§ **PROBLEM**: Quote exactly, and only, the lines of the material below from the line with "Smiling businessman skateboarding" through the line with "A guest with".

§ **PROVIDED RECORDS**:
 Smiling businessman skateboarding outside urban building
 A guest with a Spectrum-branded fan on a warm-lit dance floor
...
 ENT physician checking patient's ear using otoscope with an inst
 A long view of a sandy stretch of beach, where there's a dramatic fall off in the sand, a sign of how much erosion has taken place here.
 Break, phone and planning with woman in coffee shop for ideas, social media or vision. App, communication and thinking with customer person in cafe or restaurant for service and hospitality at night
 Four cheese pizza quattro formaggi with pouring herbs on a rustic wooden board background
==
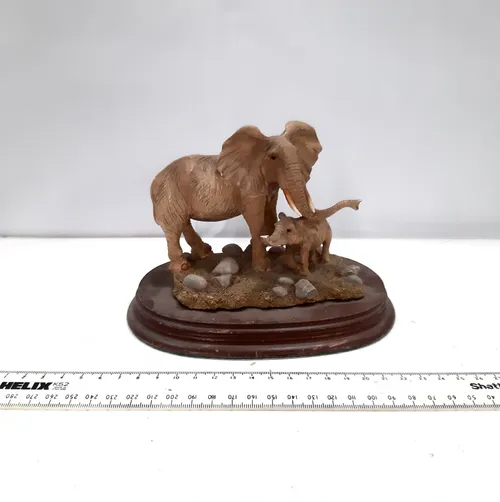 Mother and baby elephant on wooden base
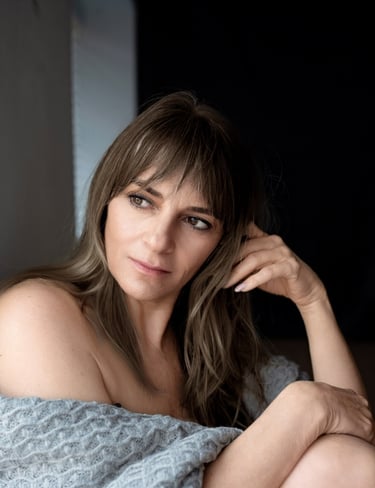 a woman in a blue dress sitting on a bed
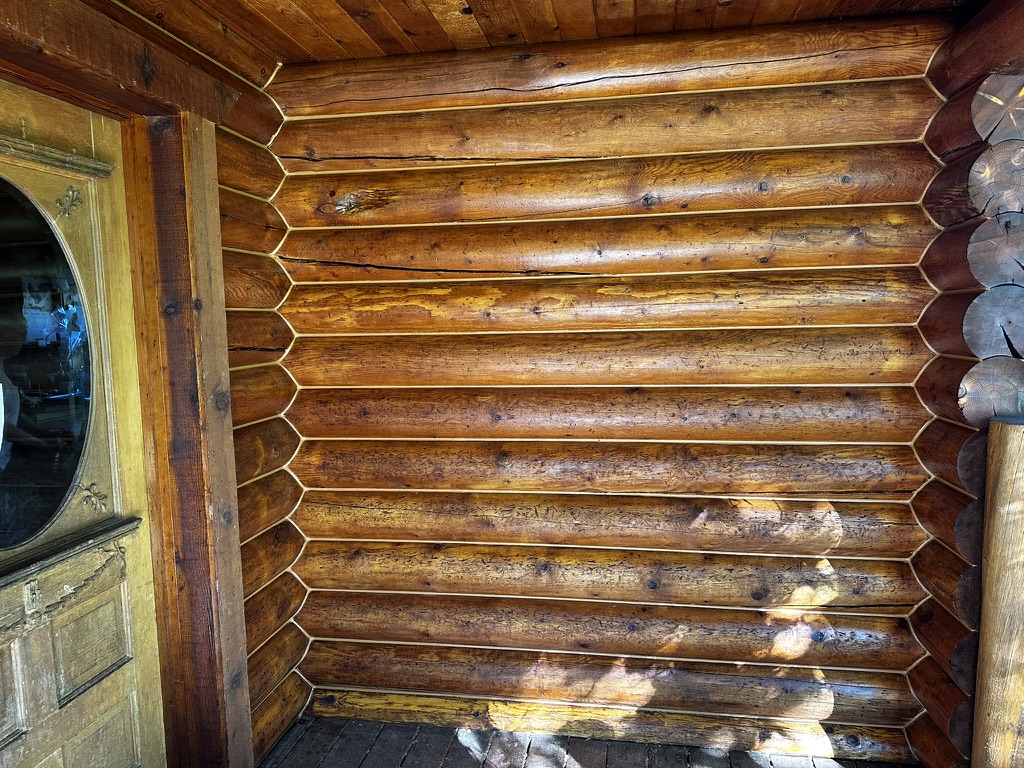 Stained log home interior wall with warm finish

§ **ANSWER FOR THE TASK**:
 Smiling businessman skateboarding outside urban building
 A guest with a Spectrum-branded fan on a warm-lit dance floor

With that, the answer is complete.